Let's now compare Statsmodel's output.
Spoiler Alert: it will be the same.

from statsmodels.formula.api import ols

Statsmodels takes a formula string as an argument, which looks like what you might expect from the R language.

$target \sim column_name_1 \ + column_name_2 + \ ...\ + column_name_n$

To do so, we can join the list of columns of X with a +

# join the columns by feeding X.columns into "+".join().
columns = None
#__SOLUTION__
columns = '+'.join(X.columns)

Using the string of column names joined in the cell above, we can now construct the formula by running the cells below.

target = 'mpg'
formula = target + '~'+columns
assert formula == 'mpg~displacement+horsepower+weight+acceleration'

Lastly, pass formula and the original df into ols() as parameters.

Then, chain the methods .fit() and .summary().

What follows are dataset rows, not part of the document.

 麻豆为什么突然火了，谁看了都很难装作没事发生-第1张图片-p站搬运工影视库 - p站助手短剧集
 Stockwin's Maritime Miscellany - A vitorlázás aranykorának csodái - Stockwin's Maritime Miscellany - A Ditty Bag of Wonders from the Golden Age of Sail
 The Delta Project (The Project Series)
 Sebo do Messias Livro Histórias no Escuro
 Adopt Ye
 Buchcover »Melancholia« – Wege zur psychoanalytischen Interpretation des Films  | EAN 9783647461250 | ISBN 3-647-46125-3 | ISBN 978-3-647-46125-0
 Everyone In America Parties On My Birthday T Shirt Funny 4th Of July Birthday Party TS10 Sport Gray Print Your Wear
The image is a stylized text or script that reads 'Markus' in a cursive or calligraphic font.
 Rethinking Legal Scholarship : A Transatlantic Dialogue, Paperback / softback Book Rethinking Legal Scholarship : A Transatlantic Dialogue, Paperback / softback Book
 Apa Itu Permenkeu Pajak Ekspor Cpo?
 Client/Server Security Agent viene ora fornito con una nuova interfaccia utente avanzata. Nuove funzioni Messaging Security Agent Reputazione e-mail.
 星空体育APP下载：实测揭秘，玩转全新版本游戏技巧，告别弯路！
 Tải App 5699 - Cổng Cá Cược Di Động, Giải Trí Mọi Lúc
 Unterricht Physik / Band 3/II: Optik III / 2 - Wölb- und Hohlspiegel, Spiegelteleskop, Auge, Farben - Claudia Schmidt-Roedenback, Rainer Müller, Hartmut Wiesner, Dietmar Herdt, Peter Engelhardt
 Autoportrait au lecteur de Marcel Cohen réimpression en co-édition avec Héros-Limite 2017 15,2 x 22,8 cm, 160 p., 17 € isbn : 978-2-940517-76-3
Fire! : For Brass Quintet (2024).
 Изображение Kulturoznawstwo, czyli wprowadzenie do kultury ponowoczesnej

Note: You need to feed in the original df, because ols requires the target to be present in the data parameter that you pass.

# Feed formula and df to the line of code below. 
ols().fit().summary()
#__SOLUTION__
ols(formula,df).fit().summary()

The summary gives a lot of good information, but for now, just confirm that the R_squared is the same (rounded) as the sklearn R_squared found nearer the top of the notebook.

Also, look at the coef column and confirm that the beta coefficients are consistent across both sklearn and statsmodels.

If they are the same, pat yourself on the back.